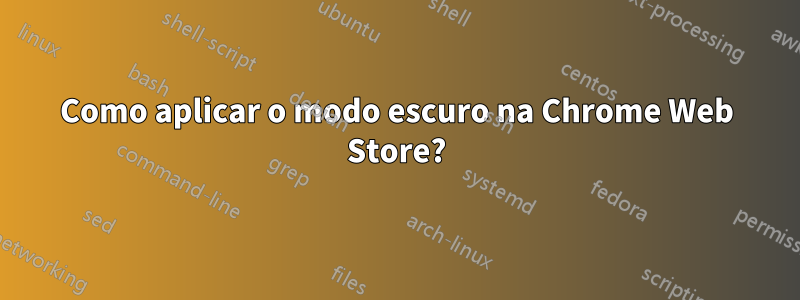 Como aplicar o modo escuro na Chrome Web Store?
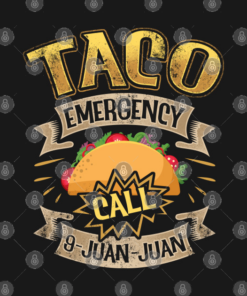 Taco Emergency Call 9 Juan Juan PNG Cut File SVG, PNG, DFX, EPS Silhouette, Digital Files, Cut Files For Cricut, Instant Download, Vector, Download Print Files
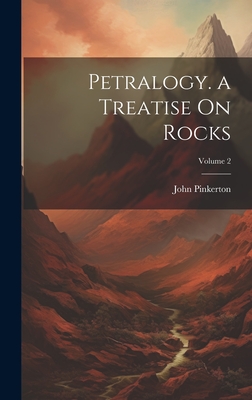 Petralogy. a Treatise On Rocks; Volume 2 - Pinkerton, John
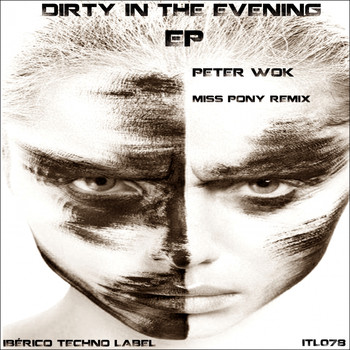 Peter Wok - Dirty In The Evening EP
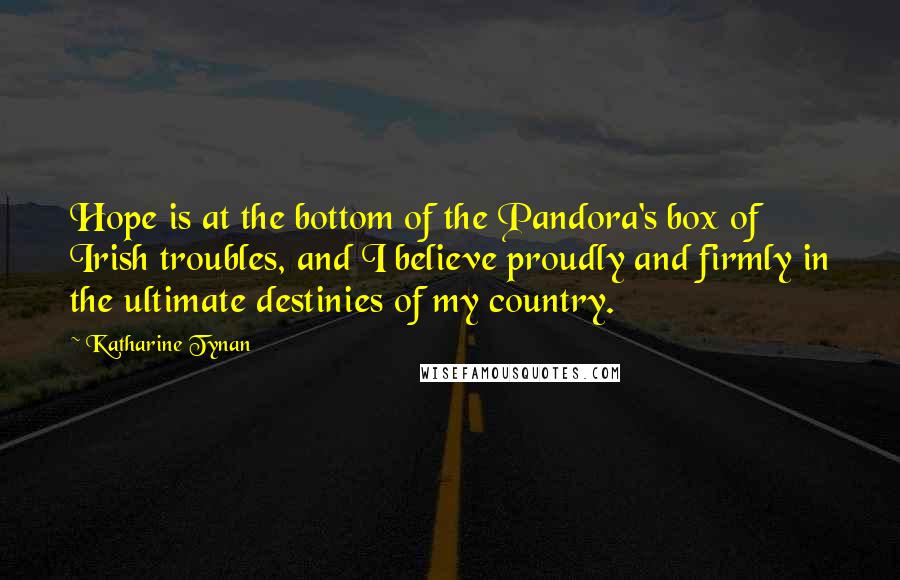 Katharine Tynan Quotes: Hope is at the bottom of the Pandora's box of Irish troubles, and I believe proudly and firmly in the ultimate destinies of my country.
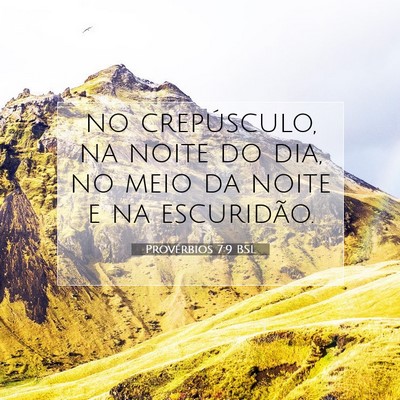 Provérbios 7:9 Versículo Bíblico Explicado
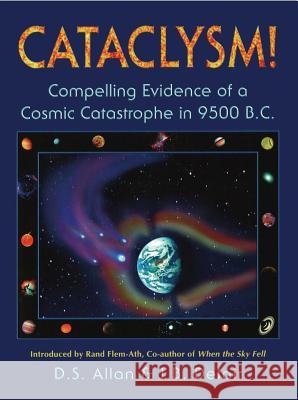 Cataclysm!: Compelling Evidence of a Cosmic Catastrophe in 9500 B.C. D. S. Allan J. B. Delair 9781879181427 Bear & Company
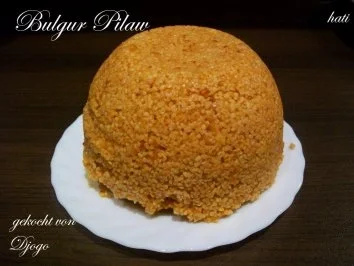 Rezept: Bulgur Pilaw Bild Nr. 9 Bulgur Pilaw - Rezept - Bild Nr. 9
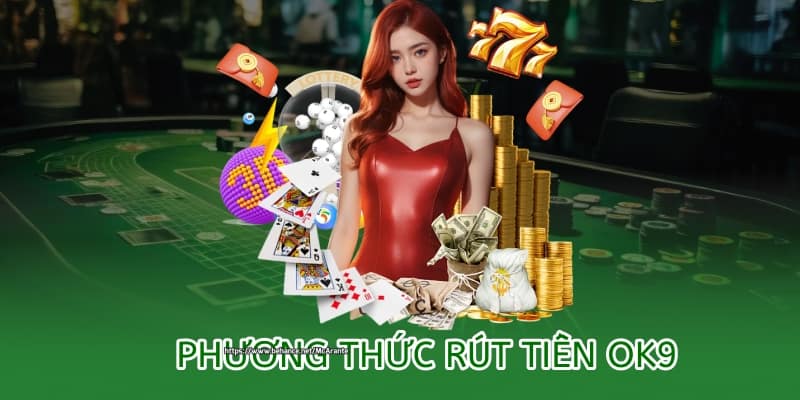 phương thức rút tiền tại ok9
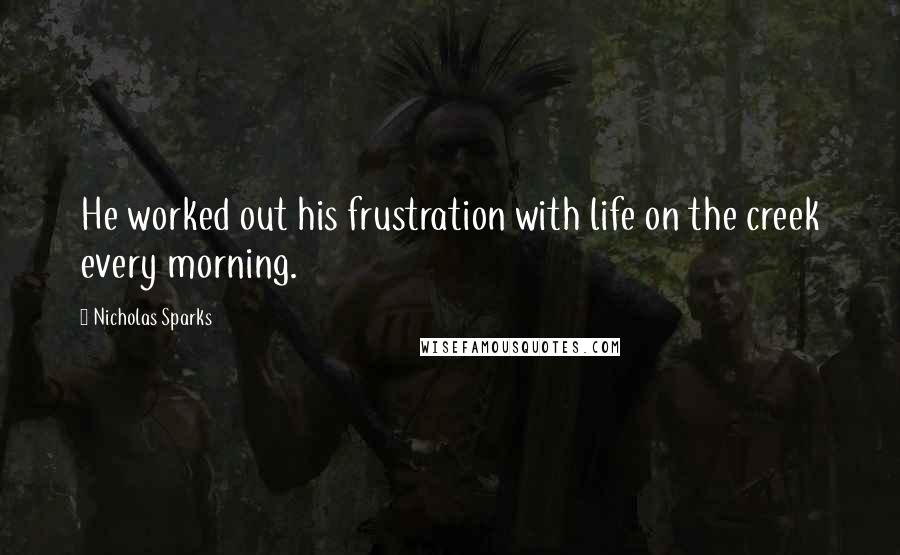 Nicholas Sparks Quotes: He worked out his frustration with life on the creek every morning.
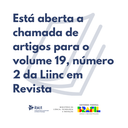 Está aberta a chamada de artigos para o volume 19, número 2 da Liinc em Revista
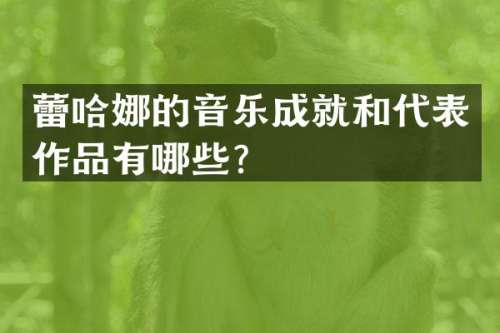 蕾哈娜的音乐成就和代表作品有哪些？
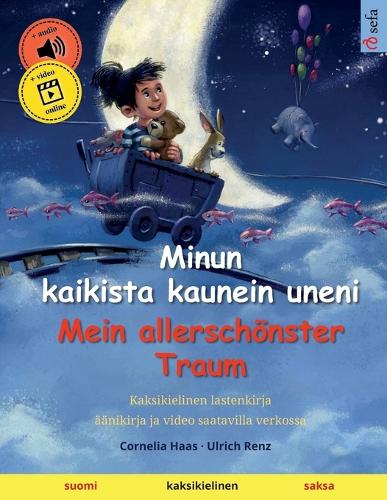 Minun kaikista kaunein uneni - Mein allerschoenster Traum (suomi - saksa): Kaksikielinen lastenkirja, mukana aanikirja ladattavaksi - Sefa Kuvakirjoja Kahdella Kielella (Paperback)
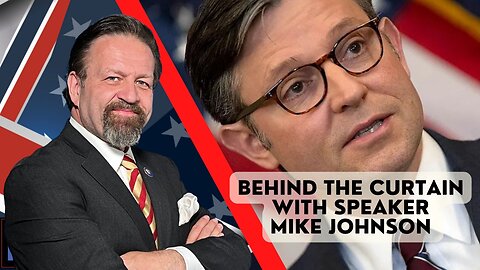 Behind the curtain with Speaker Mike Johnson. Tony Perkins with Sebastian Gorka on AMERICA First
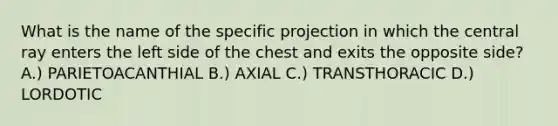 What is the name of the specific projection in which the central ray enters the left side of the chest and exits the opposite side? A.) PARIETOACANTHIAL B.) AXIAL C.) TRANSTHORACIC D.) LORDOTIC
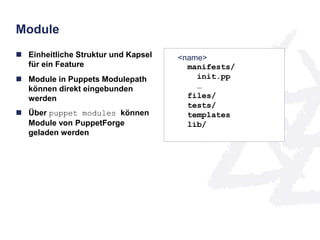 Module 
 Einheitliche Struktur und Kapsel 
für ein Feature 
 Module in Puppets Modulepath 
können direkt eingebunden 
werden 
 Über puppet modules können 
Module von PuppetForge 
geladen werden 
<name> 
manifests/ 
init.pp 
… 
files/ 
tests/ 
templates 
lib/ 
 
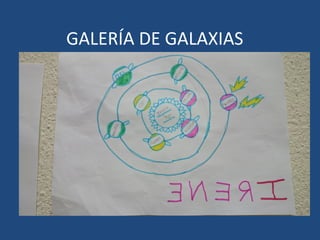 GALERÍA DE GALAXIAS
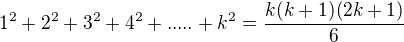 $1^{2}+2^{2}+3^{2}+4^{2}+.....+k^{2}=\frac{k(k+1)(2k+1)}{6}$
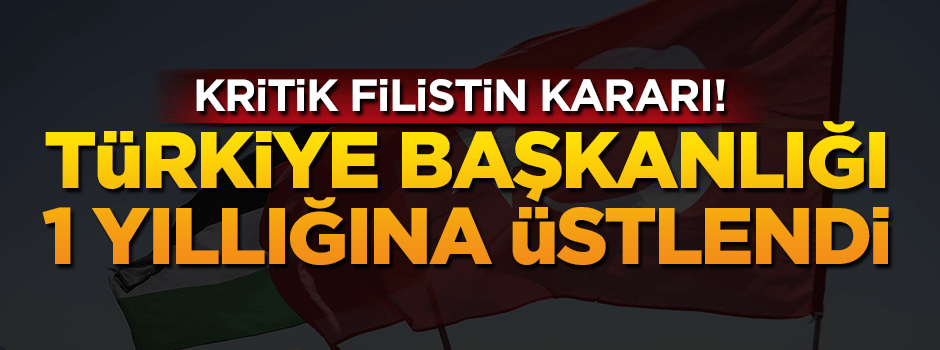 Türkiye başkanlığı 1 yıllığına üstlendi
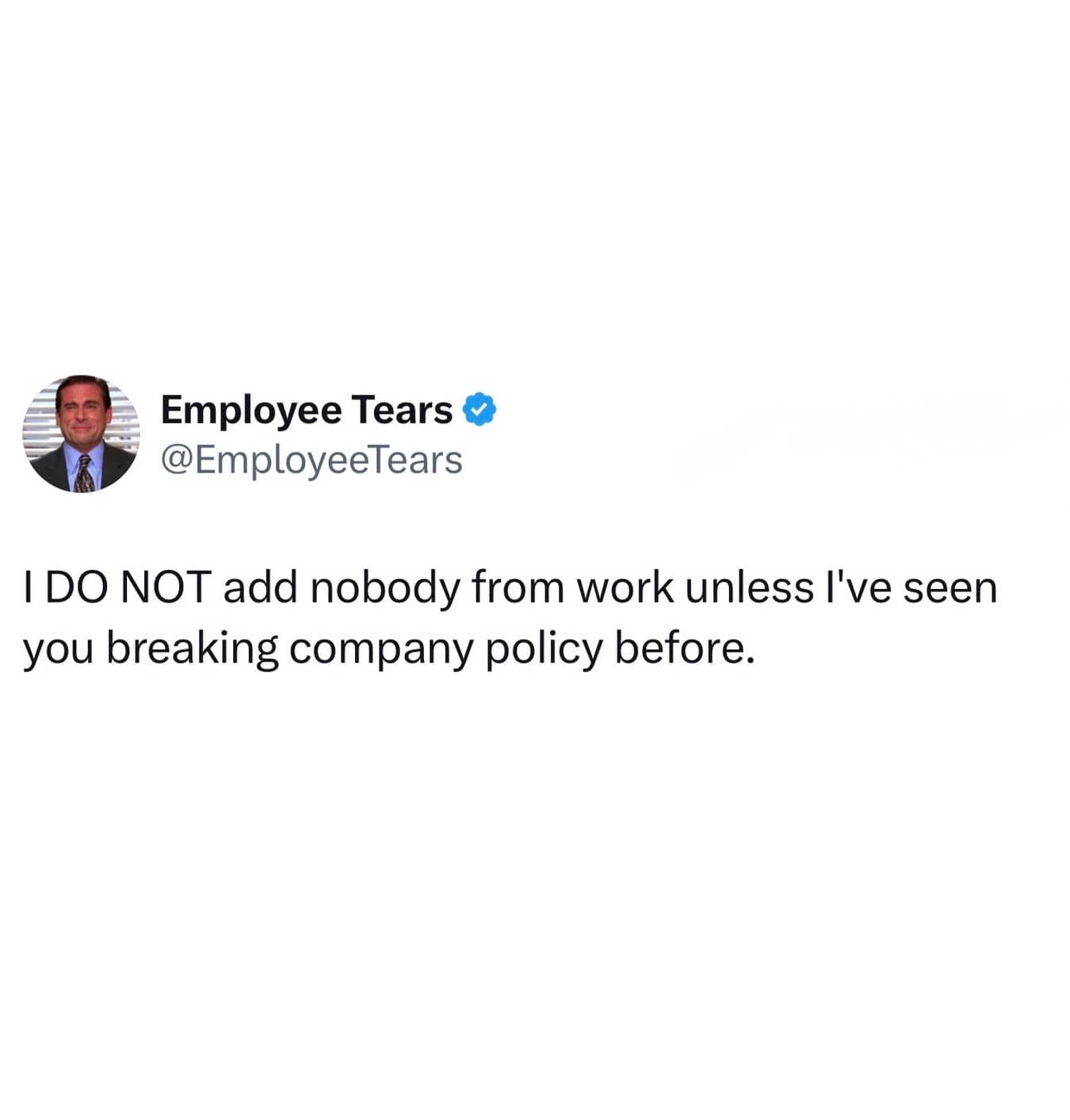 Funny social media post about only adding coworkers who break company policy.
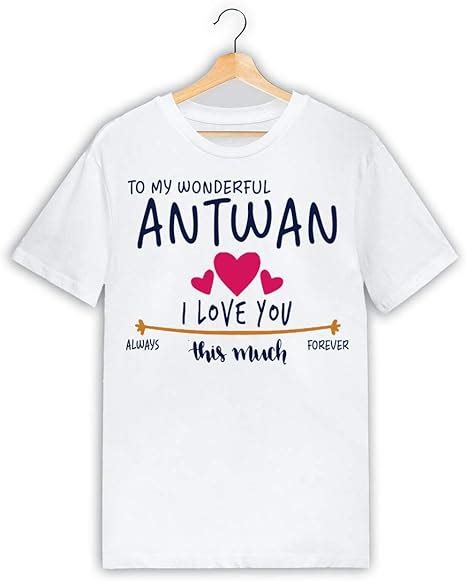 Romantic Valentines Day T Shirt With Name Antwan To My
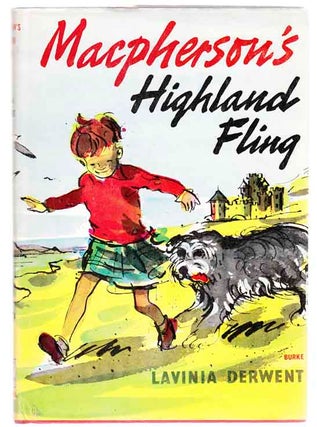 Item #103984 Macpherson's Highland Fling. Lavinia DERWENT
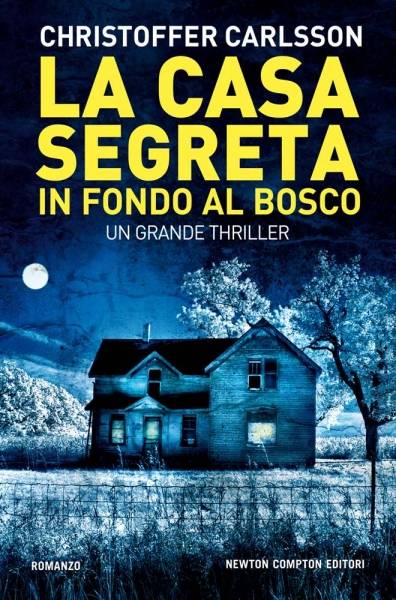 Scarica l'ebook "La casa segreta in fondo al bosco" a soli 2,99 euro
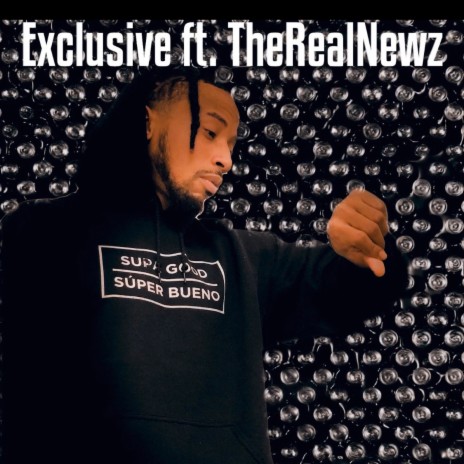 Exclusive ft. The Real Newz | Boomplay Music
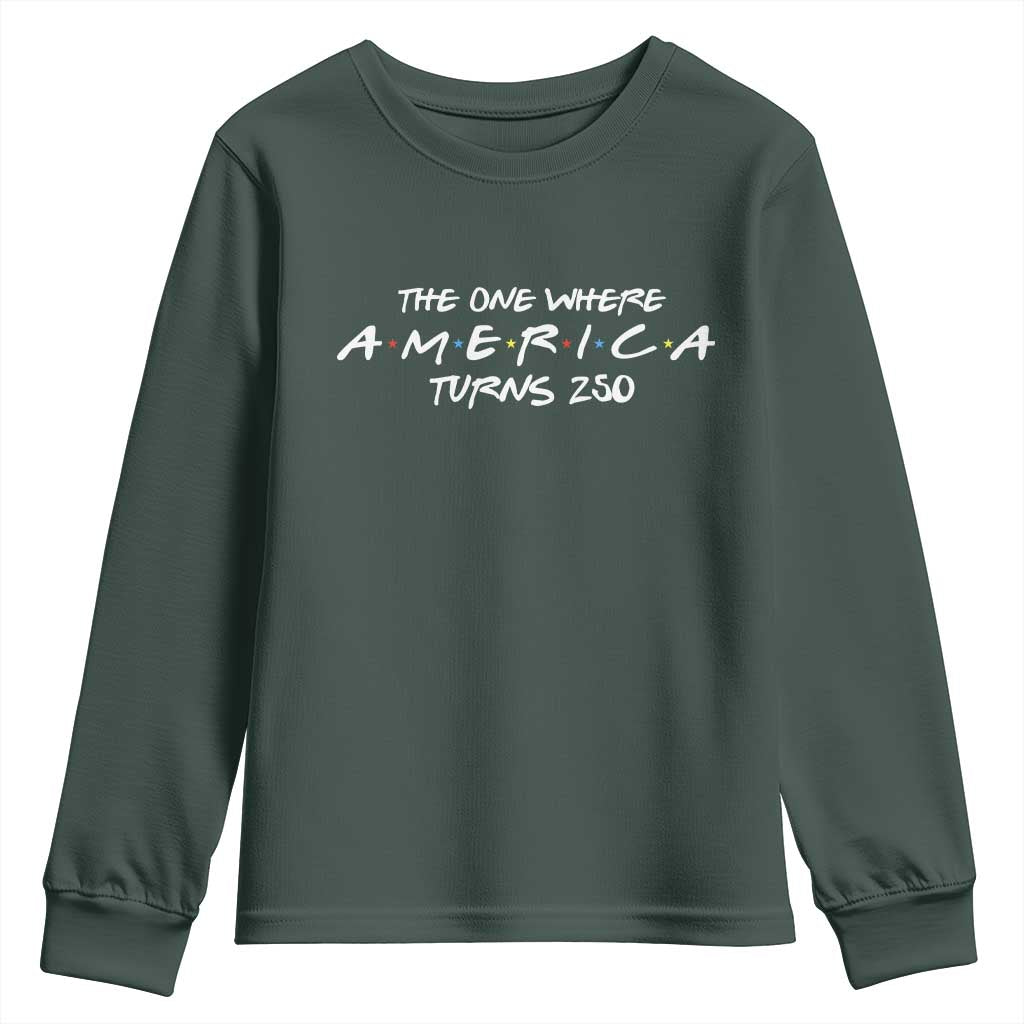 The One Where America Turns 250 Youth Sweatshirt 250 Anniversary USA 4th of July TS11 Dark Forest Green Print Your Wear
--------------------
INSTRUCTIONS FOR THE TASK:
Give back exactly the lines from the one that contains "Item #103984 Macpherson's" to the final line of the data above, both included, with all pictures removed.

TASK RESPONSE:
 Item #103984 Macpherson's Highland Fling. Lavinia DERWENT
 Scarica l'ebook "La casa segreta in fondo al bosco" a soli 2,99 euro
 Exclusive ft. The Real Newz | Boomplay Music
 The One Where America Turns 250 Youth Sweatshirt 250 Anniversary USA 4th of July TS11 Dark Forest Green Print Your Wear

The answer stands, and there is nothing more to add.